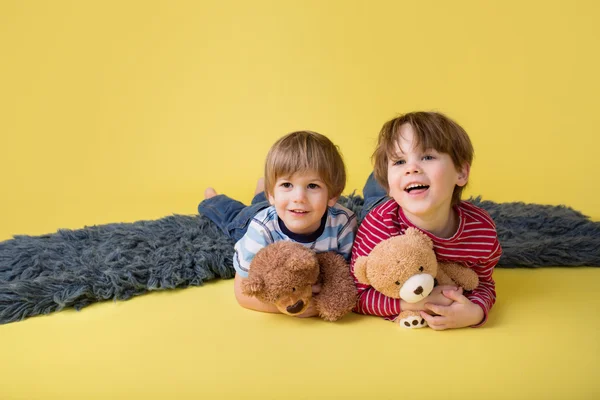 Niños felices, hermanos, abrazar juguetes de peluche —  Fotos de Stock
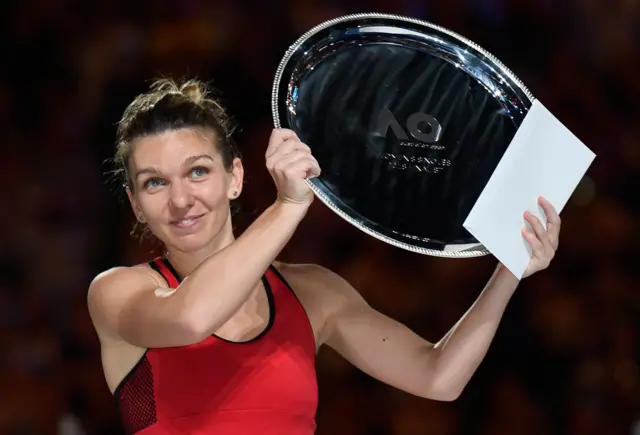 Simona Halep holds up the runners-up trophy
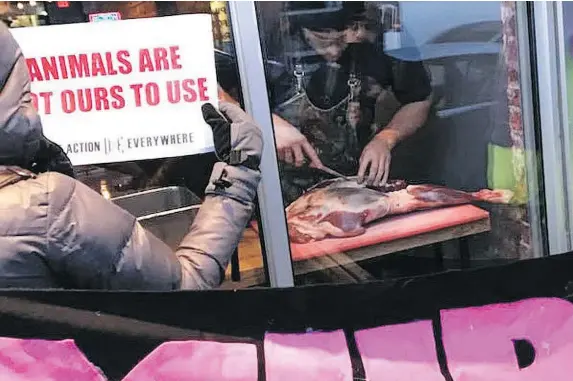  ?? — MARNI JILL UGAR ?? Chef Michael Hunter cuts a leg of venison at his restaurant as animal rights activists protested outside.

* **Work item**
With the pictures removed, copy the data above word for word.

* **Written response**
 Niños felices, hermanos, abrazar juguetes de peluche —  Fotos de Stock
 Simona Halep holds up the runners-up trophy
  ?? — MARNI JILL UGAR ?? Chef Michael Hunter cuts a leg of venison at his restaurant as animal rights activists protested outside.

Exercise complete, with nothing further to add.